Automatic Differentiation (AD) is an important algorithm to calculate derivatives of computer programs. Reverse mode AD works for any number of function outputs and is commonly used in machine learning.
AD treats a computation as a nested sequence of function compositions, and then calculates the derivative of the outputs w.r.t. the inputs using repeated applications of the chain rule. There are two methods of AD: forward mode and reverse mode.
Linear chain graphs can be easily calculated through a sequence of function compositions with a single input and single output. Reverse mode AD is a generalization of the Backpropagation technique used in training neural networks.

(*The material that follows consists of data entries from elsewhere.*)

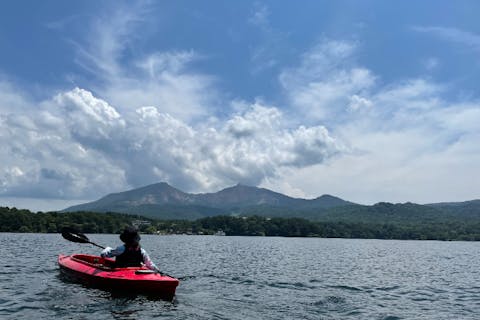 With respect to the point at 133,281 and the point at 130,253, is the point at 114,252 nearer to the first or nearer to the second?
the point at 130,253

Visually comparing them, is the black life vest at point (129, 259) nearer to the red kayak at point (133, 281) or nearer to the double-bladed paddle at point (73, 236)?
the red kayak at point (133, 281)

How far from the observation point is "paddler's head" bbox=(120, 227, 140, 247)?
75.7 ft

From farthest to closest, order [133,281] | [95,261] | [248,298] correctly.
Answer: [95,261] → [248,298] → [133,281]

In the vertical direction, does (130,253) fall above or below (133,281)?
above

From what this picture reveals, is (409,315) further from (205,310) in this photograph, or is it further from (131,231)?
(131,231)

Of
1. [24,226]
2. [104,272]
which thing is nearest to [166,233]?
[24,226]

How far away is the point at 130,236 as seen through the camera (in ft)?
75.8

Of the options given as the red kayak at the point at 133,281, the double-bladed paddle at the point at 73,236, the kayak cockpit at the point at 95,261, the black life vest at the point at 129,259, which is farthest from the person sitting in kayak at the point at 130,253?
the double-bladed paddle at the point at 73,236

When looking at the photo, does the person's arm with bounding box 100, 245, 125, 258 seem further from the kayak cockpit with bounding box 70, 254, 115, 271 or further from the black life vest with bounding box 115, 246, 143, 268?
the kayak cockpit with bounding box 70, 254, 115, 271

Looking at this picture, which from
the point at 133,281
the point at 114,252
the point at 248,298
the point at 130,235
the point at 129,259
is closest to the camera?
the point at 133,281

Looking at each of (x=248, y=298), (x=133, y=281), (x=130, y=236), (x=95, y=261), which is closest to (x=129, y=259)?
(x=130, y=236)

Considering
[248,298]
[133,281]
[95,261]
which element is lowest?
[248,298]

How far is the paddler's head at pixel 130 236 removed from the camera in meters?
23.1

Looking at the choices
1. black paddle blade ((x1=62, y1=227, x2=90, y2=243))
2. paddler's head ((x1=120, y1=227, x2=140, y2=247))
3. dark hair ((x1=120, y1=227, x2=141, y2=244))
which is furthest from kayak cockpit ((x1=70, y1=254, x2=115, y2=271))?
dark hair ((x1=120, y1=227, x2=141, y2=244)) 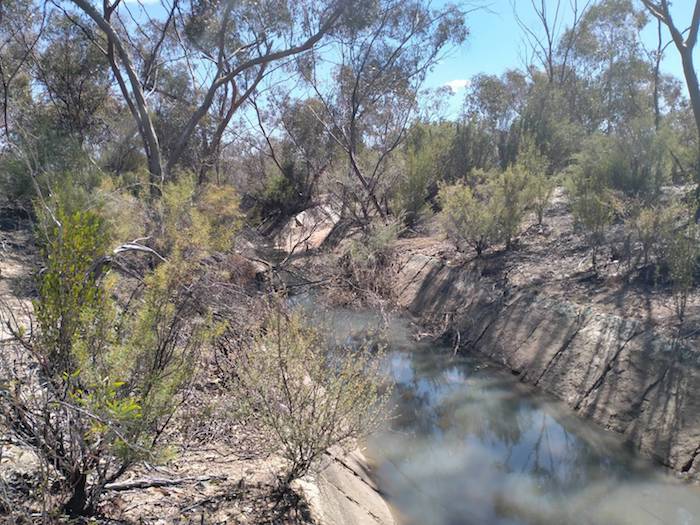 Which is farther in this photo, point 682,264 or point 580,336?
point 580,336

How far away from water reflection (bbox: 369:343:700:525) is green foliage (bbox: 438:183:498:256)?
4.44 meters

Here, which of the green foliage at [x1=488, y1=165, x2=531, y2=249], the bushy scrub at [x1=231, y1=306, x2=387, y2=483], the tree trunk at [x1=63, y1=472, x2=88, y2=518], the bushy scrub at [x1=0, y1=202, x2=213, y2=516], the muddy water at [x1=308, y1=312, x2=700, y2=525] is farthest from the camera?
the green foliage at [x1=488, y1=165, x2=531, y2=249]

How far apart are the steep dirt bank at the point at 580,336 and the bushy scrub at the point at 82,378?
17.4ft

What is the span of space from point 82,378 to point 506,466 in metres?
4.69

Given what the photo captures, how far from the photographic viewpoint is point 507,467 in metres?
6.28

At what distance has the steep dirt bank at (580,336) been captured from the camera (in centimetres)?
639

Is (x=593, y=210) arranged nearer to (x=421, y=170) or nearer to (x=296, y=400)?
(x=421, y=170)

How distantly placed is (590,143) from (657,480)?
11.1 metres

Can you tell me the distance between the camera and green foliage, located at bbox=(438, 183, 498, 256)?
12.1 meters

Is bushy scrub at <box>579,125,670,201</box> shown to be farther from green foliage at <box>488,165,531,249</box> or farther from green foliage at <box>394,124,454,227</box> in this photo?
green foliage at <box>394,124,454,227</box>

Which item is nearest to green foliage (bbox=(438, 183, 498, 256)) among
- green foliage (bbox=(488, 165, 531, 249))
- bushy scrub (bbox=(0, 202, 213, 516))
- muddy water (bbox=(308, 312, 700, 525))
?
green foliage (bbox=(488, 165, 531, 249))

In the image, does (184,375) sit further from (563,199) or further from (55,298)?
(563,199)

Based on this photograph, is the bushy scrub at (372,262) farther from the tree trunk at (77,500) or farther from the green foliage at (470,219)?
the tree trunk at (77,500)

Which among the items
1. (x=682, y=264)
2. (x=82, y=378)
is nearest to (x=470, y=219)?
(x=682, y=264) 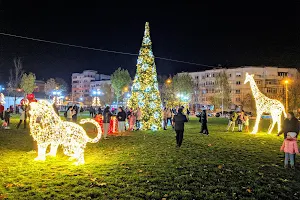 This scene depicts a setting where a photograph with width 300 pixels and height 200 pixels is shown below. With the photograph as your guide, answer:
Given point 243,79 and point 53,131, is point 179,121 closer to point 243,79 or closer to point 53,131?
point 53,131

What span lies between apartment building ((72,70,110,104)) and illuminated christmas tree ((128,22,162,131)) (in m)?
99.2

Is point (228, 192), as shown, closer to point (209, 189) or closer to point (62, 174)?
point (209, 189)

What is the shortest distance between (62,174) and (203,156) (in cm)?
516

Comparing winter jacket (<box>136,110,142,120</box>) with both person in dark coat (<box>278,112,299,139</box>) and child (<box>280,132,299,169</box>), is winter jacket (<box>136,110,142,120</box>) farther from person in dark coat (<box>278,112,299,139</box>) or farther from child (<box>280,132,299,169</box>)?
child (<box>280,132,299,169</box>)

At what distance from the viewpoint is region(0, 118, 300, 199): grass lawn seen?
235 inches

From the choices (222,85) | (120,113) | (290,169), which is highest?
(222,85)

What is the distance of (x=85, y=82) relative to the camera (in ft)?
404

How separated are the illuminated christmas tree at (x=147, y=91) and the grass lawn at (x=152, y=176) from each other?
9849 millimetres

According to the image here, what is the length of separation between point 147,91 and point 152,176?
14126 millimetres

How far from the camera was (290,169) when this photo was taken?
27.3ft

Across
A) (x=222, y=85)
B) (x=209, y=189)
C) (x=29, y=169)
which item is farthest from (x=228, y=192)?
(x=222, y=85)

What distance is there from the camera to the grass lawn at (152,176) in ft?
19.6

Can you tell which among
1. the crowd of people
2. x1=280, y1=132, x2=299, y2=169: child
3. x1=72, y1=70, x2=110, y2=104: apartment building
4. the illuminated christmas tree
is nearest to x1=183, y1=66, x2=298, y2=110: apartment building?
x1=72, y1=70, x2=110, y2=104: apartment building

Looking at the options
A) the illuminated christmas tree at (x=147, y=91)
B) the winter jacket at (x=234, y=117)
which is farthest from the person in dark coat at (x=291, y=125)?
the illuminated christmas tree at (x=147, y=91) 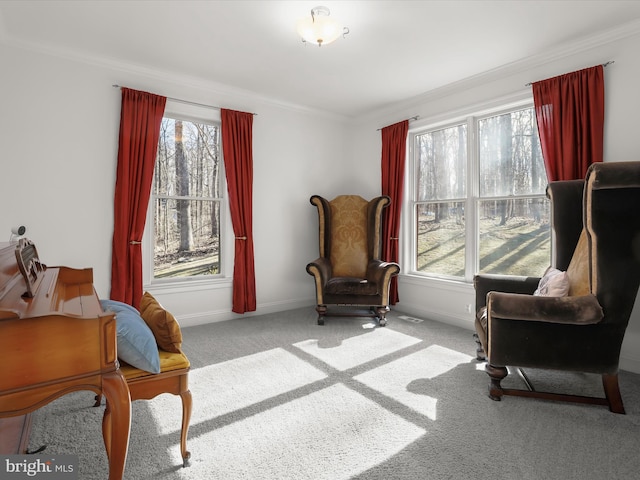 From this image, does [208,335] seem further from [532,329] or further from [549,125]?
[549,125]

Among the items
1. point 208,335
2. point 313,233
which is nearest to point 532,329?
point 208,335

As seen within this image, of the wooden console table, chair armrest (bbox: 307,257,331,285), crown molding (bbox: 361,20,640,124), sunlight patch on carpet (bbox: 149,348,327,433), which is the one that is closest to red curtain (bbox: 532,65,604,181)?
crown molding (bbox: 361,20,640,124)

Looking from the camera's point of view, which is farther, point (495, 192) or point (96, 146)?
point (495, 192)

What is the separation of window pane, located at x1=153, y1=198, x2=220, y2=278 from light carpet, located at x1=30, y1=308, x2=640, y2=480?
51.4 inches

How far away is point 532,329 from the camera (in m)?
2.25

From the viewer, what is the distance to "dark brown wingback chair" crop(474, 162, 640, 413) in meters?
2.08

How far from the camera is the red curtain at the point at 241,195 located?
13.9 feet

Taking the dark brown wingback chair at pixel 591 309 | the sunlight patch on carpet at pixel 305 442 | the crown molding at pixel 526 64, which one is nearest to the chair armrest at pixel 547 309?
the dark brown wingback chair at pixel 591 309

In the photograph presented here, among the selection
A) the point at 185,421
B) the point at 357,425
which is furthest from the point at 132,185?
the point at 357,425

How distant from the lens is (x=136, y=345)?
1547mm

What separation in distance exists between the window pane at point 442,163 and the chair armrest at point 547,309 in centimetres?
215

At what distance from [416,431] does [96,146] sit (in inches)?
144

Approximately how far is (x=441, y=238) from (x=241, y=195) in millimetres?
2500

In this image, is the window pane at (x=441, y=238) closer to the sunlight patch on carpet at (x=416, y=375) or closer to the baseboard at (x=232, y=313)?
the sunlight patch on carpet at (x=416, y=375) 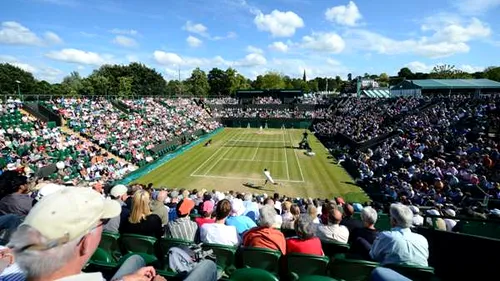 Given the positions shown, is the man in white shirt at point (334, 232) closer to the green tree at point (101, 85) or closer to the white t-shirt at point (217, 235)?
the white t-shirt at point (217, 235)

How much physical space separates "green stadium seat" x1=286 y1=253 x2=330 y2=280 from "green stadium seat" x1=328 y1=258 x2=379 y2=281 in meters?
0.14

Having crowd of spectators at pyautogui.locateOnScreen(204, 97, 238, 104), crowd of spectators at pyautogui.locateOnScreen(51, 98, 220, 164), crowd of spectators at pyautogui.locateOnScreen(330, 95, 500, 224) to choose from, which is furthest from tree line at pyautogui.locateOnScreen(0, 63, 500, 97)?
crowd of spectators at pyautogui.locateOnScreen(330, 95, 500, 224)

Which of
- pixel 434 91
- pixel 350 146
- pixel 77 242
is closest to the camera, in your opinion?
pixel 77 242

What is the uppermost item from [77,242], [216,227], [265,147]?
[77,242]

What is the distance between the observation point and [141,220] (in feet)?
19.0

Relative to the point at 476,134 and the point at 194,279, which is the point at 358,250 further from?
the point at 476,134

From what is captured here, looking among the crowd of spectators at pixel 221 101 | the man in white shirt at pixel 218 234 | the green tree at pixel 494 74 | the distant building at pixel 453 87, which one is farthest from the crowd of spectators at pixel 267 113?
Answer: the green tree at pixel 494 74

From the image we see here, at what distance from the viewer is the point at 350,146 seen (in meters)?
35.0

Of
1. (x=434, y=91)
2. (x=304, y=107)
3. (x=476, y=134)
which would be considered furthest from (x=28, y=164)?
(x=434, y=91)

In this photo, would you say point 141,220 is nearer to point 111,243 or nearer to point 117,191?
point 111,243

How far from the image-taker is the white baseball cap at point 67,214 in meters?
1.73

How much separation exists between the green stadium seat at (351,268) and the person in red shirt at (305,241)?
417 mm

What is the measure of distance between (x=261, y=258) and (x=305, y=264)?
2.23 feet

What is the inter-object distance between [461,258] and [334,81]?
17871cm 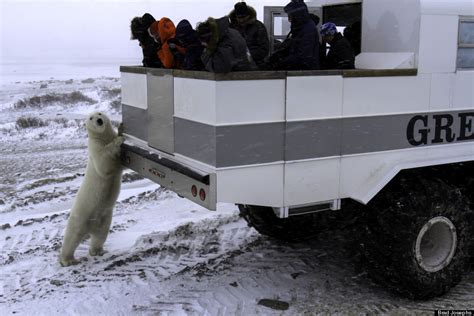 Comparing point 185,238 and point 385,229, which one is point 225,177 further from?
point 185,238

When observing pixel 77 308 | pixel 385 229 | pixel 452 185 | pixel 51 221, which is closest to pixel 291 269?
pixel 385 229

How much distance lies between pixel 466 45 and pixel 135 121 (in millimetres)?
3094

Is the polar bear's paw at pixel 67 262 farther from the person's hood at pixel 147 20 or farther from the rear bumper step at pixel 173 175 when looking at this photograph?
the person's hood at pixel 147 20

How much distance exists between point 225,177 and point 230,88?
63cm

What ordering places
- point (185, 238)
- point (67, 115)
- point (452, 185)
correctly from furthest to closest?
point (67, 115) → point (185, 238) → point (452, 185)

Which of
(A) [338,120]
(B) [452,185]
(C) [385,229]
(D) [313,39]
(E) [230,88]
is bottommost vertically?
(C) [385,229]

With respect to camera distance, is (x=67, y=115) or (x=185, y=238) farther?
(x=67, y=115)

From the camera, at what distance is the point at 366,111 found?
4.18 meters

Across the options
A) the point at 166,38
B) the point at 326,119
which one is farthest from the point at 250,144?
the point at 166,38

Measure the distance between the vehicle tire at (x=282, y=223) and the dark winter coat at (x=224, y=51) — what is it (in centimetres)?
219

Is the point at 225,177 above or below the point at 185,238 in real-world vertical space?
above

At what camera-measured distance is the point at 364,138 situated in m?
4.21

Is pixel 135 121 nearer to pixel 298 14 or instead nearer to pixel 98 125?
pixel 98 125


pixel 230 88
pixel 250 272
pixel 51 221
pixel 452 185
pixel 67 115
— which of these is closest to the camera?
pixel 230 88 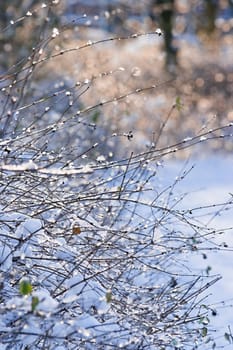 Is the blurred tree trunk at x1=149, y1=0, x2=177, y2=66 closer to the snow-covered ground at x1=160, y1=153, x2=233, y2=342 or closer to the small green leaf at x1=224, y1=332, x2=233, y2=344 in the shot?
the snow-covered ground at x1=160, y1=153, x2=233, y2=342

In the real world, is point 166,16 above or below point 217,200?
above

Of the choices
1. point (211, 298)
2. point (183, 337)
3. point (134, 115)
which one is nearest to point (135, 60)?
point (134, 115)

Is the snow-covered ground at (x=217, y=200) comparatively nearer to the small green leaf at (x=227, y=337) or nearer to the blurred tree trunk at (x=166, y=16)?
the small green leaf at (x=227, y=337)

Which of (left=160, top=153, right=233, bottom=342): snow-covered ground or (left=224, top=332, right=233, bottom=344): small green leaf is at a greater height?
(left=160, top=153, right=233, bottom=342): snow-covered ground

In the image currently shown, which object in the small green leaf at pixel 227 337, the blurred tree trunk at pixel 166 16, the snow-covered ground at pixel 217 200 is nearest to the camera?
the small green leaf at pixel 227 337

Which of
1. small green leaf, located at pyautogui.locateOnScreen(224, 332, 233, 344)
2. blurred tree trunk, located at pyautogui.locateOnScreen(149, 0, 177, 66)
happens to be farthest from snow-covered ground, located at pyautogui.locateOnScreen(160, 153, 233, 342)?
blurred tree trunk, located at pyautogui.locateOnScreen(149, 0, 177, 66)

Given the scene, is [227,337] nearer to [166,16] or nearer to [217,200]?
[217,200]

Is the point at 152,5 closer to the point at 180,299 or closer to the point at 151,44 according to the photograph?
the point at 151,44

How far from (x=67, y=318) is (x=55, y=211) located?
4.31 ft

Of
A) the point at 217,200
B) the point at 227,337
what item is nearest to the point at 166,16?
the point at 217,200

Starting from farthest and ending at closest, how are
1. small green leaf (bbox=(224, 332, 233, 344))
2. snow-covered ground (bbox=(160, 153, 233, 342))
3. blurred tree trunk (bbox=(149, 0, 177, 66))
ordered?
blurred tree trunk (bbox=(149, 0, 177, 66)) < snow-covered ground (bbox=(160, 153, 233, 342)) < small green leaf (bbox=(224, 332, 233, 344))

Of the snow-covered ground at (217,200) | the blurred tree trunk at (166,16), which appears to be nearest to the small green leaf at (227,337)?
the snow-covered ground at (217,200)

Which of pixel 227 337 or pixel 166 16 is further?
pixel 166 16

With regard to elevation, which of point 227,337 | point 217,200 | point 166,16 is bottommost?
point 227,337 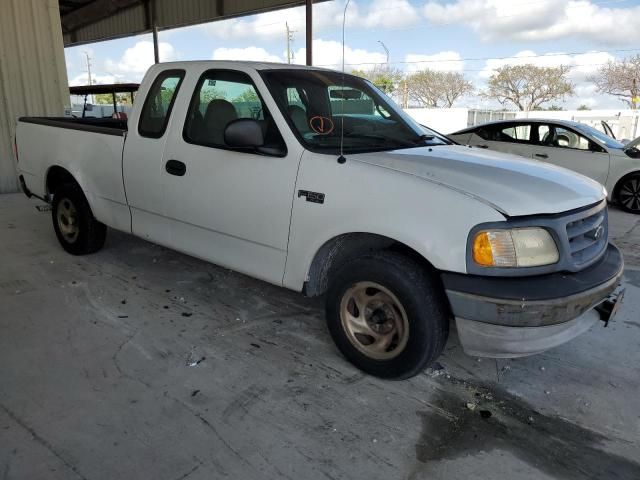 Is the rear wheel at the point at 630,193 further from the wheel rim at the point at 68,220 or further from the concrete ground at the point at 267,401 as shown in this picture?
the wheel rim at the point at 68,220

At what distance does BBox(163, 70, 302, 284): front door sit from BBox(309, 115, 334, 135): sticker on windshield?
0.26 metres

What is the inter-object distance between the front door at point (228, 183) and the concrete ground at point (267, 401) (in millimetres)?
595

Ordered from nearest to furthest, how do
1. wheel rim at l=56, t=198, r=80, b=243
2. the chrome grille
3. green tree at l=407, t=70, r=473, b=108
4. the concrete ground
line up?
the concrete ground
the chrome grille
wheel rim at l=56, t=198, r=80, b=243
green tree at l=407, t=70, r=473, b=108

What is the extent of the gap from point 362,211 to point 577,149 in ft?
24.7

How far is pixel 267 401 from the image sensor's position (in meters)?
2.91

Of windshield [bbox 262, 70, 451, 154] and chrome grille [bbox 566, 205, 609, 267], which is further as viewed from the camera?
windshield [bbox 262, 70, 451, 154]

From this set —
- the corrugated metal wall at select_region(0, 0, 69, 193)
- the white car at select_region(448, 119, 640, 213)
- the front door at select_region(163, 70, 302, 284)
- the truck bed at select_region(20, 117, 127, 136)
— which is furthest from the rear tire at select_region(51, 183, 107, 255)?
the white car at select_region(448, 119, 640, 213)

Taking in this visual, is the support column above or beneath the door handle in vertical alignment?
above

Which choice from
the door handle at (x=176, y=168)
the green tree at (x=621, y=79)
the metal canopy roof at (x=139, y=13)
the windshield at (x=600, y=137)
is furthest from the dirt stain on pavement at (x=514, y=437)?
the green tree at (x=621, y=79)

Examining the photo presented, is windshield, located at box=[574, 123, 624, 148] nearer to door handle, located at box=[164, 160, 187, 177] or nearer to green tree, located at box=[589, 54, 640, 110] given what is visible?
door handle, located at box=[164, 160, 187, 177]

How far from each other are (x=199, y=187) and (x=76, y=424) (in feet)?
5.89

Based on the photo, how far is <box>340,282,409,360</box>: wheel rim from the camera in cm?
298

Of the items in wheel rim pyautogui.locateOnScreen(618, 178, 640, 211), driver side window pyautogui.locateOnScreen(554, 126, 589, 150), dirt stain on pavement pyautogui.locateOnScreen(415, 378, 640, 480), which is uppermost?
driver side window pyautogui.locateOnScreen(554, 126, 589, 150)

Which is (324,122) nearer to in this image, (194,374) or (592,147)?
Result: (194,374)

General DAGs are more complex with non-linear patterns of interconnected nodes but can still be calculated through the multivariate chain rule. Expensive full Jacobians are not required in reverse mode AD because we only need a function that takes a row vector and outputs the VJP.
Reverse mode AD and VJPs are highly regarded because large and sparse jacobians can lead to optimal computational efficiency.
The Var class uses operator overloading and costumed functions to construct the graph in the background. The grad method then runs reverse mode AD.
Reverse mode AD is commonly used in machine learning because it's more efficient and handles scalar loss output functions.
Reverse mode AD and VJPs are crucial in implementing machine learning algorithms and neural networks.
Professional AD implementations like Autograd and JAX have better ergonomics and performance for large-scale projects.